» Given information:
____________________
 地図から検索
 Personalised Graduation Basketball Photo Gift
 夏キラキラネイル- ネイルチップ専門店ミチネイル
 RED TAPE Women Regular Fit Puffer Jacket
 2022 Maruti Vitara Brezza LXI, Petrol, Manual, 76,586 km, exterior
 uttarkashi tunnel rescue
____________________
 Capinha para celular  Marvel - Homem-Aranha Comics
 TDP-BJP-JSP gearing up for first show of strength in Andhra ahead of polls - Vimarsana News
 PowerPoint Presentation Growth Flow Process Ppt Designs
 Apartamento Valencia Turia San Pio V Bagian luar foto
____________________
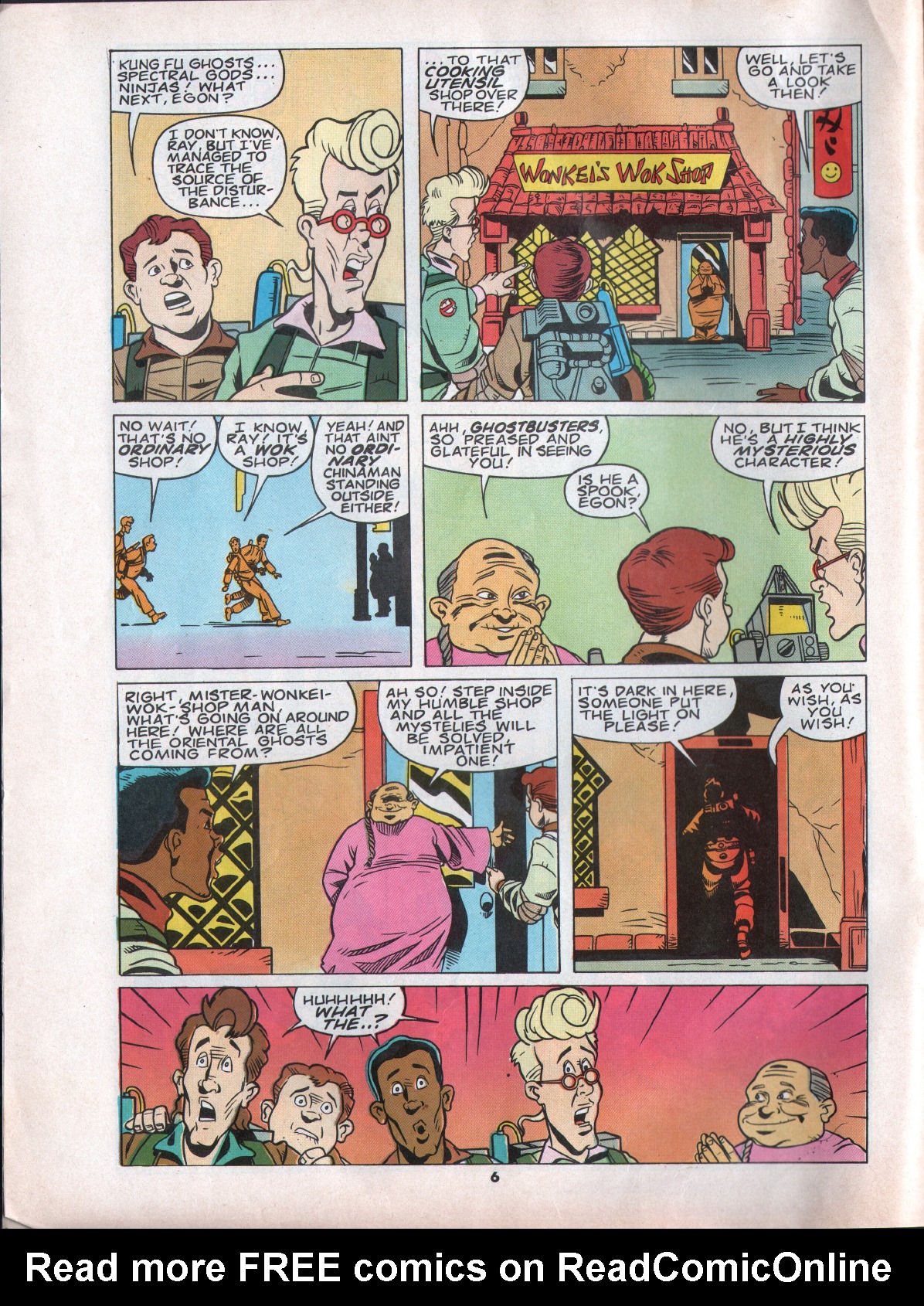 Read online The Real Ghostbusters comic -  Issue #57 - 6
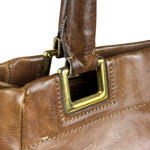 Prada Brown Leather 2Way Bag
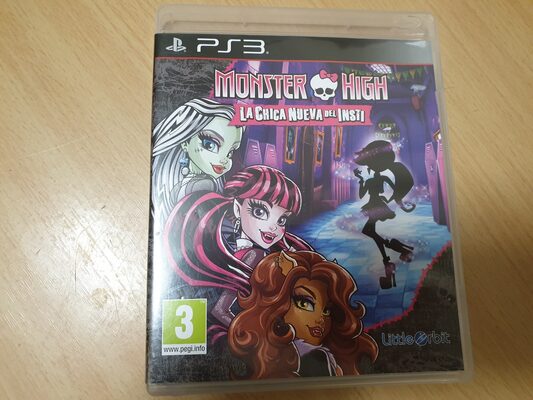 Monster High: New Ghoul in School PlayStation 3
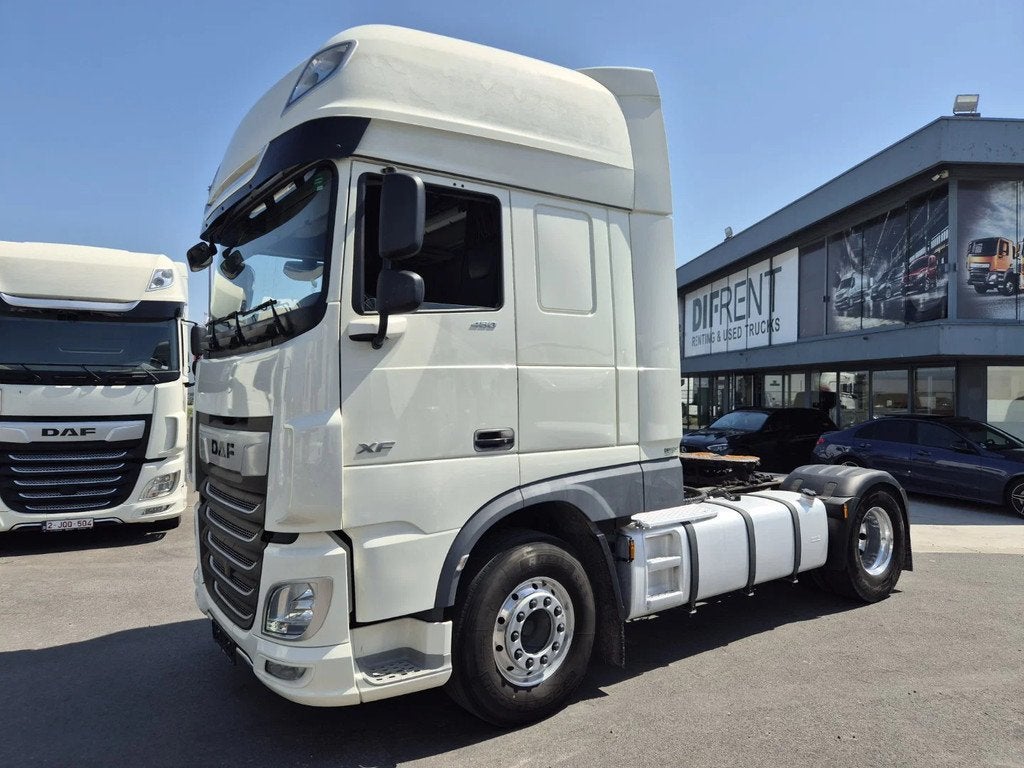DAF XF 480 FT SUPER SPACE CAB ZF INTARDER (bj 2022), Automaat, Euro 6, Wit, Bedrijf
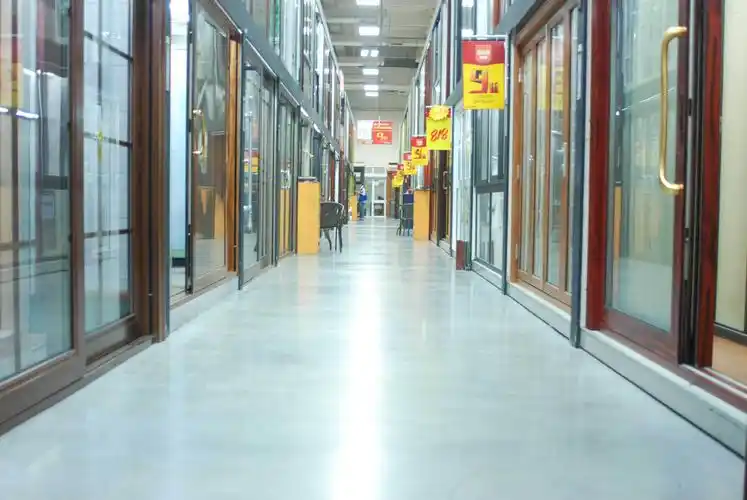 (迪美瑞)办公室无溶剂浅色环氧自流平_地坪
____________________
» Problem details: Within the data above, repeat exactly the lines from the one bearing "Prada Brown Leather 2Way Bag" through the one bearing "(迪美瑞)办公室无溶剂浅色环氧自流平_地坪". Include no pictures and nothing else.

» Answer to this problem:
 Prada Brown Leather 2Way Bag
 Monster High: New Ghoul in School PlayStation 3
DAF XF 480 FT SUPER SPACE CAB ZF INTARDER (bj 2022), Automaat, Euro 6, Wit, Bedrijf
 (迪美瑞)办公室无溶剂浅色环氧自流平_地坪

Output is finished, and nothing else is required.